Before James Cameron made a solo dive to the Challenger Deep – the deepest point in the ocean – only one mission had been there before. Now, several groups are planning deep-sea dives, and engineering advances could shed new light on the region.
Film director and explorer James Cameron on Monday completed a historic solo dive to the Challenger Deep – the deepest spot in the ocean – aboard an oversized torpedo of a submersible that expedition scientists say could help open new opportunities for researchers to study some of the most remote places on the planet.
The pioneering design of Mr. Cameron's Deepsea Challenger, as well as those of other groups who plan similar manned deep-sea dives later this year, may lead to a new generation of manned and unmanned subs that could accelerate the pace of research generally, other specialists say.
Cameron returned to the surface at noon local time some 300 miles southwest of Guam after enduring nearly seven hours tucked in a cramped cockpit so small he could not fully extend his legs. He spent nearly three hours at the Challenger Deep itself, gathering 3-D video.
He also had planned to gather samples of rocks and marine life.

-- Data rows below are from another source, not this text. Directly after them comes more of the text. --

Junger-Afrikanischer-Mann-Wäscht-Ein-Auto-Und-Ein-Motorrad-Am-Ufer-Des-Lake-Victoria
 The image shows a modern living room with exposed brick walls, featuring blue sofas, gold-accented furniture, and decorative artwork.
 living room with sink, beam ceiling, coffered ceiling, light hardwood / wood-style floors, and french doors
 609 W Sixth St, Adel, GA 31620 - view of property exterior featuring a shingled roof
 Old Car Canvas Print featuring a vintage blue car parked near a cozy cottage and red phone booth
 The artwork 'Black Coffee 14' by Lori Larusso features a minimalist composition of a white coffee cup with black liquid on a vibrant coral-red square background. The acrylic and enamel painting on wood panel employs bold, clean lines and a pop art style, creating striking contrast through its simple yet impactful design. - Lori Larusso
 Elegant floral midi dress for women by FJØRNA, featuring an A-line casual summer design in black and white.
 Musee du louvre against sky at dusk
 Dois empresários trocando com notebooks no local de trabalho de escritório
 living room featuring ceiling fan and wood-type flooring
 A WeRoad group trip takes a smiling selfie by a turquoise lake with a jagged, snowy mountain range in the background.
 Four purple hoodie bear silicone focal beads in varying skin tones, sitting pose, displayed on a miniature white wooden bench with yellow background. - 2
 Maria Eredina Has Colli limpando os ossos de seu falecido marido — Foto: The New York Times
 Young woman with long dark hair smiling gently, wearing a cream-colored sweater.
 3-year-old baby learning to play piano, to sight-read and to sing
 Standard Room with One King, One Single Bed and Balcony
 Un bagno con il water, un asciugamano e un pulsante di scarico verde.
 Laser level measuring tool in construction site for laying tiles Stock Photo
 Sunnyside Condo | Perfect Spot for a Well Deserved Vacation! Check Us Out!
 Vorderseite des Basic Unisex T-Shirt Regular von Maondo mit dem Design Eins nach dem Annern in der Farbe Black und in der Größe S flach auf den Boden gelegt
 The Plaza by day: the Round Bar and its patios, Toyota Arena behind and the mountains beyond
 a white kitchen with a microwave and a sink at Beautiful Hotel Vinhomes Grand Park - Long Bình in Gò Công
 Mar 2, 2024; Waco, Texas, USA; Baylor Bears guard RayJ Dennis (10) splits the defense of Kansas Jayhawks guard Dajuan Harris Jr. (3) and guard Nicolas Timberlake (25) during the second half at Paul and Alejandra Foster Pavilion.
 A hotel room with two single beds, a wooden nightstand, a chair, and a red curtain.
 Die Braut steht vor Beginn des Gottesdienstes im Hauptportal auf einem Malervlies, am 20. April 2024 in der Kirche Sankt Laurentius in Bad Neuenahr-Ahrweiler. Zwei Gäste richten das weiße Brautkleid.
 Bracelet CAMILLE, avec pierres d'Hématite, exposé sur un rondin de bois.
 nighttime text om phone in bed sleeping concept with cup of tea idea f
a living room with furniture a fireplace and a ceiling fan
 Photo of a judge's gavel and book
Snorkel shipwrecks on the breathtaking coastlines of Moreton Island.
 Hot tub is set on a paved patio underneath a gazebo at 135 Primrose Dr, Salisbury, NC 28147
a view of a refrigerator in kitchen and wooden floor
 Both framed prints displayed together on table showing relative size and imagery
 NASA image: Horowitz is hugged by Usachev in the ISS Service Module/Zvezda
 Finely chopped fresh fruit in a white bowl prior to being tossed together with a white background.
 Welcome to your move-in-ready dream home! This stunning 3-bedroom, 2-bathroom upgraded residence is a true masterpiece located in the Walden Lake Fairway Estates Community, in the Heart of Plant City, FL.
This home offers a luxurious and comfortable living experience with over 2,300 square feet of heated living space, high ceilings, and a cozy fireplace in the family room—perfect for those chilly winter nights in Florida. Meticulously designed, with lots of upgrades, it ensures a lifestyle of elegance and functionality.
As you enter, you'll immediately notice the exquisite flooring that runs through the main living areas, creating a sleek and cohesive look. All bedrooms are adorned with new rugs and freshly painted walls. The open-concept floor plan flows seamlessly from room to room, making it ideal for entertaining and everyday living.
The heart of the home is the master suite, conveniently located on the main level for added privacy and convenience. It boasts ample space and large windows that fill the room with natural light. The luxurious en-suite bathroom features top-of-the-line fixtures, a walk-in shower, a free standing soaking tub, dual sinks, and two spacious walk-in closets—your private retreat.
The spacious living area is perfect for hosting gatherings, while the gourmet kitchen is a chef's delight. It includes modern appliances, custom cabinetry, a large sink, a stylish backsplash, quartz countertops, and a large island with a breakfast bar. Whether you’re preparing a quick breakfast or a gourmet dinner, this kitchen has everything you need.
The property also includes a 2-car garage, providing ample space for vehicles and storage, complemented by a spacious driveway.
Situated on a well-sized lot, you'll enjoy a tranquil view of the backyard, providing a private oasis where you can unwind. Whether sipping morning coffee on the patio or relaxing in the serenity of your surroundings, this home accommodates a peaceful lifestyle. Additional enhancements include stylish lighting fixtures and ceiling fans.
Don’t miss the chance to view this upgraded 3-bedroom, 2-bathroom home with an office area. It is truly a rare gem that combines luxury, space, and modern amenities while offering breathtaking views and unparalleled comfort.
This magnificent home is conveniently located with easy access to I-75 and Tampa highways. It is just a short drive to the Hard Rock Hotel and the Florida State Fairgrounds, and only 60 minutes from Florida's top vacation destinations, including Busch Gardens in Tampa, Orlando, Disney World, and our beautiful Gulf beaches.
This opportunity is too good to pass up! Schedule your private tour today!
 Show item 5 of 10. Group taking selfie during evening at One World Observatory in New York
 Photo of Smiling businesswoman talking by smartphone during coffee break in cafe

But a hydraulic leak rendered the sub's mechanical arm and claw useless, he explained during a post-dive press briefing.
With no way to gather samples, a planned six-hour stay on the bottom was cut in half.
It took him just over 2-1/2 hours to reach the Challenger Deep and a mere 70 minutes to reach the surface once his time on the bottom ended.
While there, he says he took a page from astronauts' experiences and made sure he took time to savor the view – the otherwise deep, black water illumined by banks of LED lights along the sub's hull.